Thanksgiving is a big deal in our family. It’s a time to gather together, catch up with family and friends, and…

Who am I kidding? Thanksgiving is all about the food! I typically host the Thanksgiving meal at my home. I have a nine-foot farm table that can easily seat 12 people, and we usually have that many around the table, and sometimes more at ancillary tables set up nearby. Setting the table and decorating for the season (fall, not Christmas!) is something I really enjoy doing, but I’m afraid it is probably somewhat lost on many of my family members, who, truth be known, only admire the food on their plates.

And by family members, I’m referring to my brother-in-law, Bob. At 6’8”, Bob spent a few years as an NFL defensive back. Back then, he ate food for fuel. But over the years, he has come to enjoy certain things in particular, and he likes his Thanksgiving dishes the way they’ve traditionally been made most of his adult life. No weird “turducken” or anything remotely different. Stick with an oven-roasted turkey and perhaps a honey-baked ham and everyone will be okay.

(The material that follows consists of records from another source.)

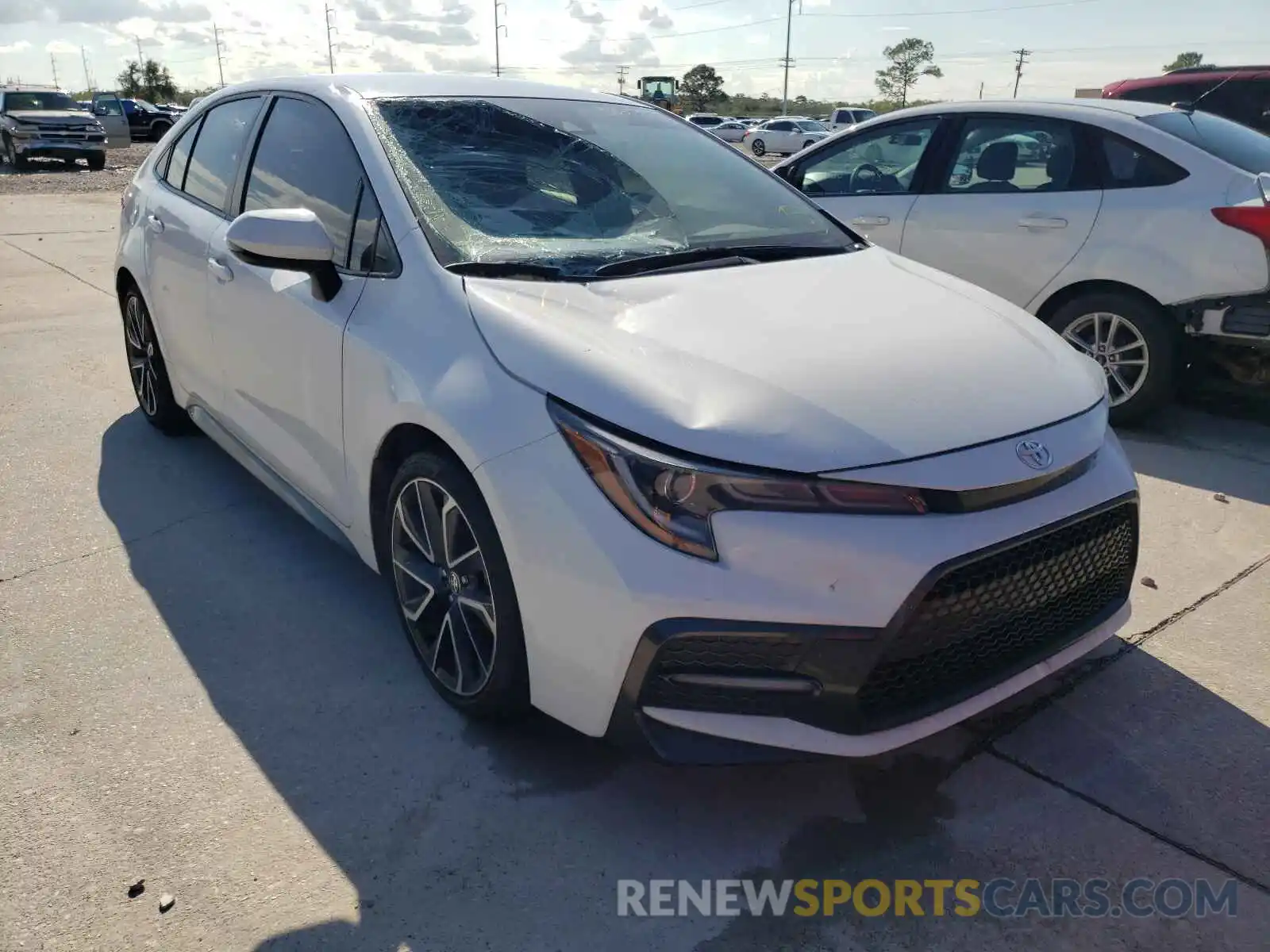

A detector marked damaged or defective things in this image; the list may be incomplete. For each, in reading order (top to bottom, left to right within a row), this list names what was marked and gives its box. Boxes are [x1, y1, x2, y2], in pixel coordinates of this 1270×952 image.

shattered windshield [365, 96, 843, 275]
damaged white car [114, 72, 1137, 762]
cracked pavement [0, 195, 1264, 952]
dented hood [464, 244, 1102, 472]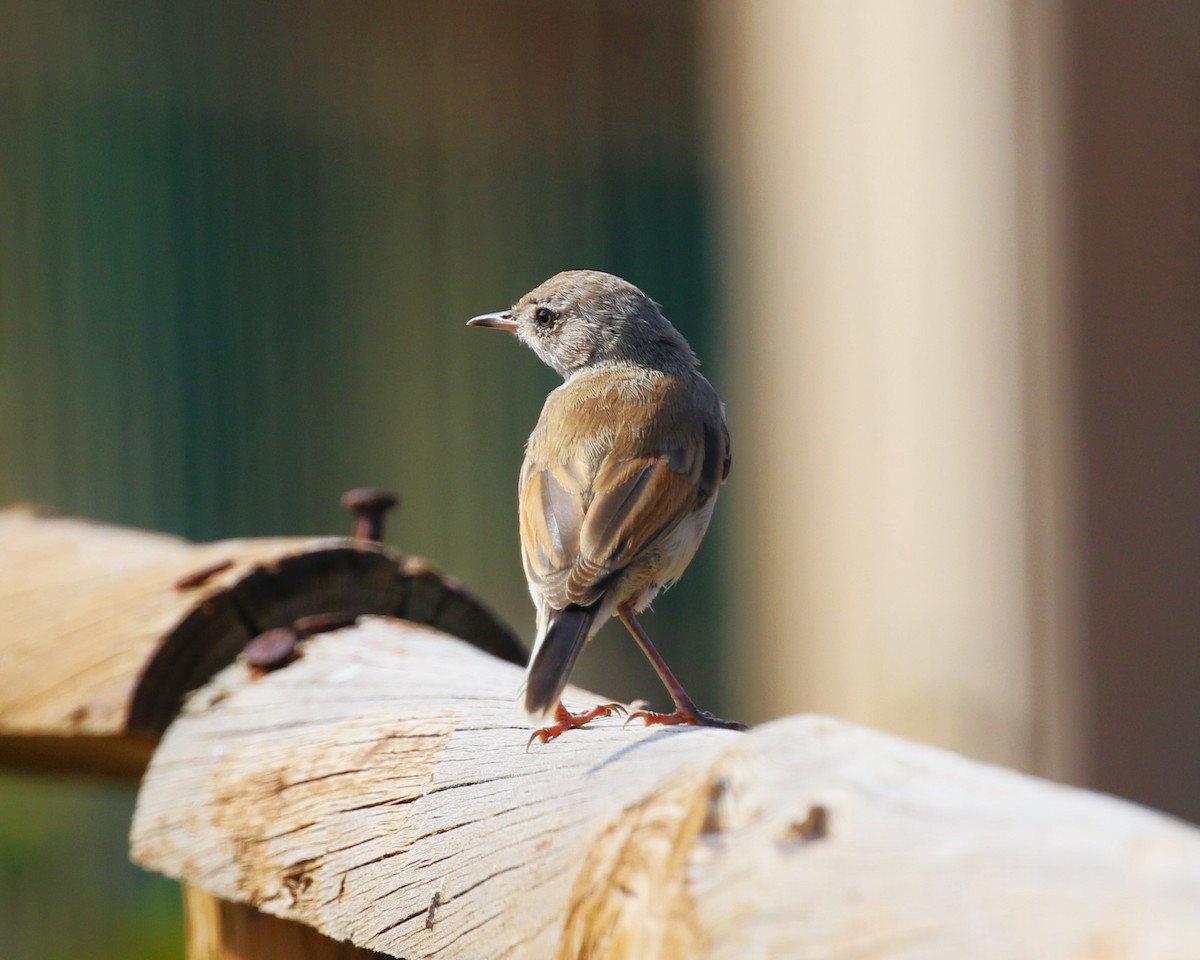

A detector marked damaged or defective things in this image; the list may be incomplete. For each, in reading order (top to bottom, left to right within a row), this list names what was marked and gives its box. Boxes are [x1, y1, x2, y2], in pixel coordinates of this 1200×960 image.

rusty nail [340, 487, 400, 540]
rusty nail head [340, 487, 400, 540]
rusty screw [340, 484, 400, 544]
rusty nail [175, 559, 235, 588]
rusty nail [242, 628, 300, 676]
rusty nail [294, 614, 360, 638]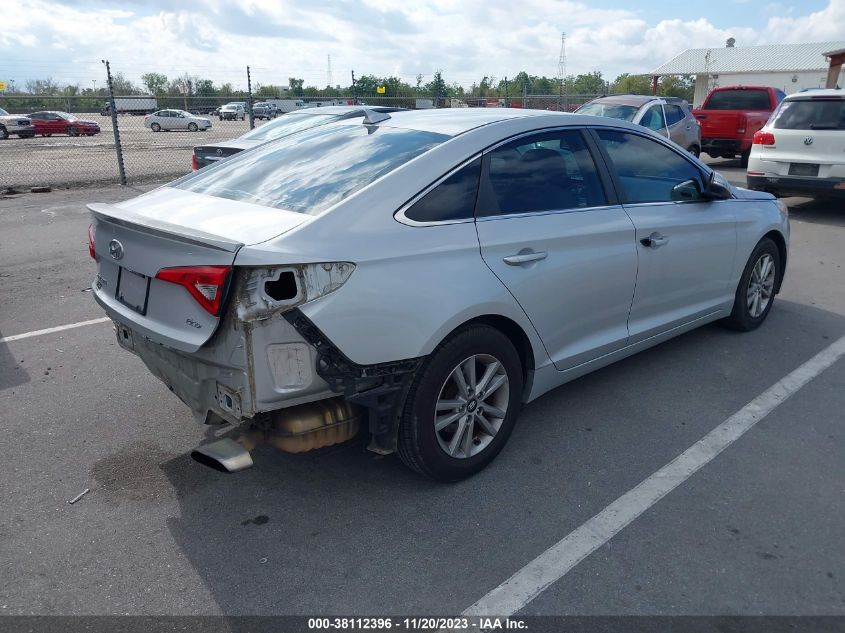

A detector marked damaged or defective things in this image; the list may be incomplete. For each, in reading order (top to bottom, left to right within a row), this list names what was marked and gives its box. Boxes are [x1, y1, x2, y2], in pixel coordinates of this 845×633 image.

broken taillight housing [155, 266, 231, 314]
damaged silver sedan [89, 108, 788, 482]
exposed rear wheel [724, 237, 780, 330]
exposed rear wheel [398, 326, 520, 478]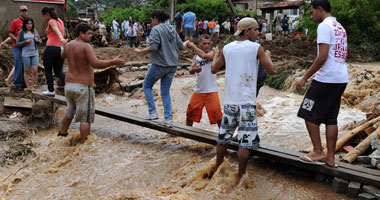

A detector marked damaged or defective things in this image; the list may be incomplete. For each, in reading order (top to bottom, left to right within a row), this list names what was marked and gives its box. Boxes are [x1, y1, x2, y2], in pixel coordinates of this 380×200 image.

So imagine trying to feed a large family a traditional Thanksgiving meal when two of the family members have gone to “the dark side.”

That’s right. In 2016, my husband and I had gone vegan.

Let me explain. My husband had a congenital heart issue that required surgery. He needed to get some weight off and do what he could to reduce the gunk in his arteries prior to surgery. I read about the Dean Ornish Heart Disease Reversal Program at St. Dominic Hospital and called to get more information. The nine-week program covered the four main tenants of the program: exercise, meditation, group support and diet. It meant stepping out of his comfort zone and doing yoga, meditating, and sharing his feelings with his group of cohorts. All that was a piece of cake, so to speak, compared to the diet portion of the program.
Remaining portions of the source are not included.